I prefer several other things.

A good way to teach *bite inhibition* (a good search title, by the way, lots of good training info on it on the net), is to start with a small handful of treats. Show them to the pup, and feed him one.

Put the rest in your closed hand. Wait patiently. The SECOND the puppy moves his sniffy (or nibbly) nose away from your hand, say "OFF!, GOOD puppy!" and open your hand and let him have a treat.

Puppies learn quickly that no touching is allowed when you say off.

Substituting a toy for the mouthy puppy is also great advice.

For a puppy that grabs shoes, pants legs, or in general gets underfoot, OR is jumping up, marching works great. Step in quick time, with knees coming high, and feet stamping firmly.
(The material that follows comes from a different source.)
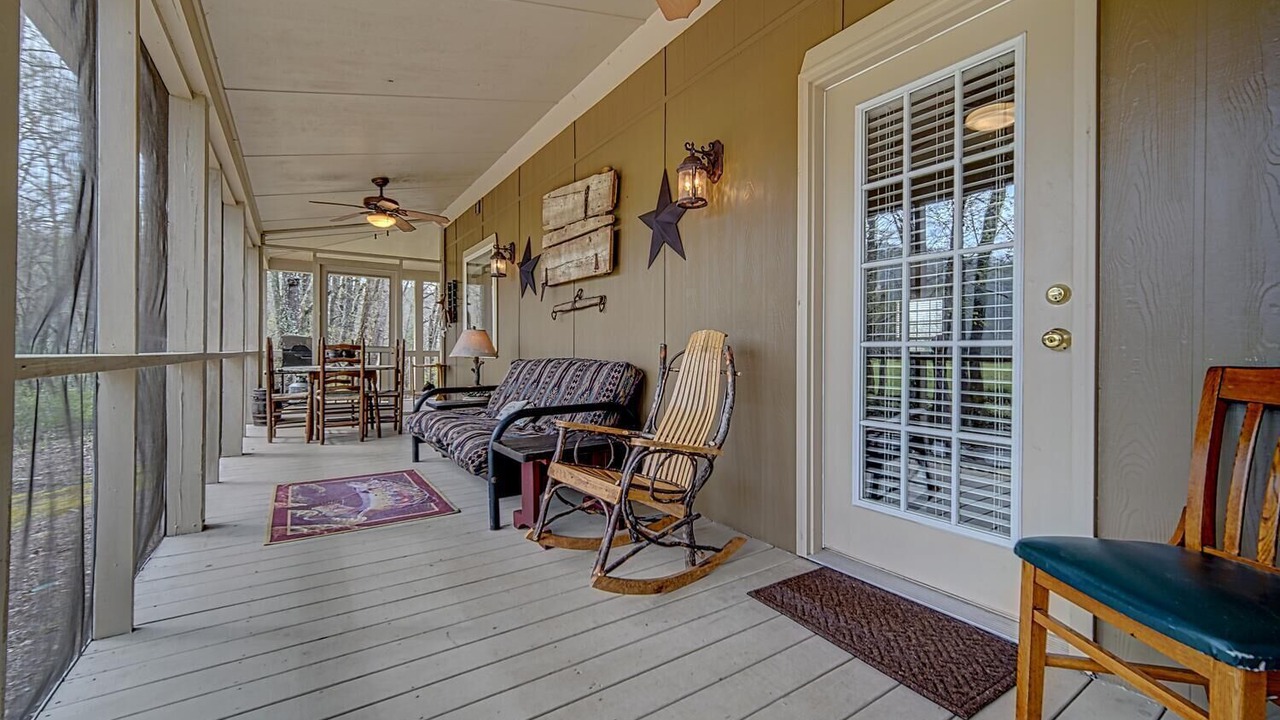 Photo of Livingroom in Hayesville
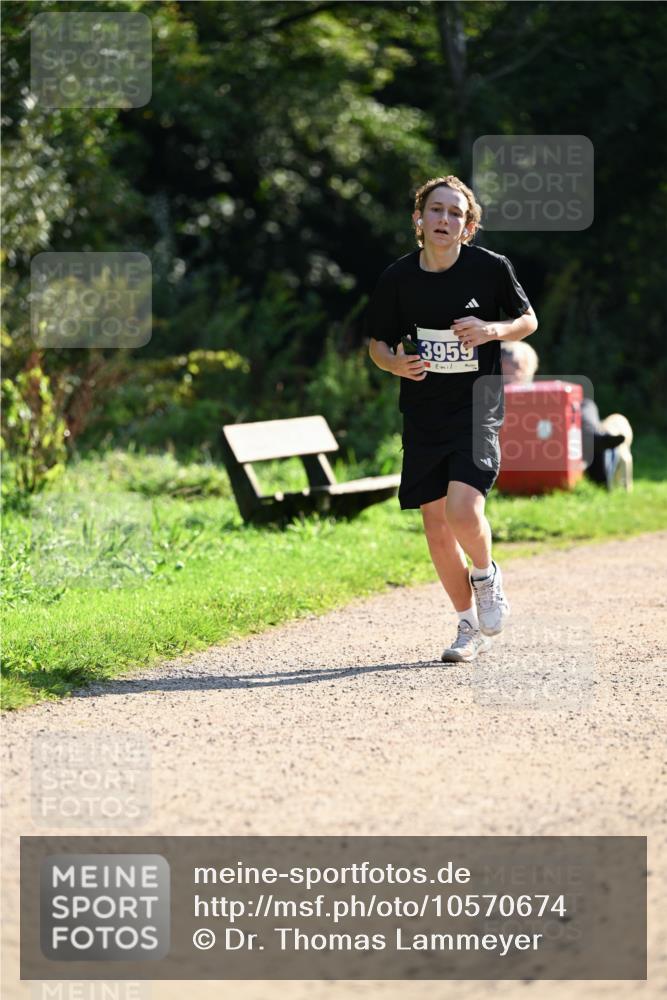 27.09.2026 - 35. Volkslauf durch das schöne Alstertal Dr. Thomas Lammeyer http://msf.ph/oto/10570674 27.09.2026 11:15:04 Laufen 3959 meine-sportfotos.de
Tell the puppy at the same time **OFF!!**. Try this one, it works like magic. :D

If I seriously need to correct a mouther, I will take the puppy by the loose skin under the chin, and hold his head firmly. If he's wearing a collar you can put a couple of fingers in the collar and hold it as well. Once I have firm control of the head, I will (GENTLY GENTLY, it's a puppy) take the up GENTLY up off his front feet. He is now in a position of zero control. *I* have all the control. He will then get some close direct eye contact and a low growly ***PHOOEY**!! From me.

**PHOOEY** is reserved for the worst infractions around here. They never hear this word unless they are in deep doo doo.

Mouthing can be pretty persistent in herding breeds. Puppies need consistent and pretty much constant reminders that they are not to put their teeth on us or our clothing. I don't allow mouthing the leash either.

ANY mouthing after the age of 12 weeks is considered dominance behavior even if it's very mild and never hurts. It's a part of the playing and posturing games that dogs engage in to determine status and rank.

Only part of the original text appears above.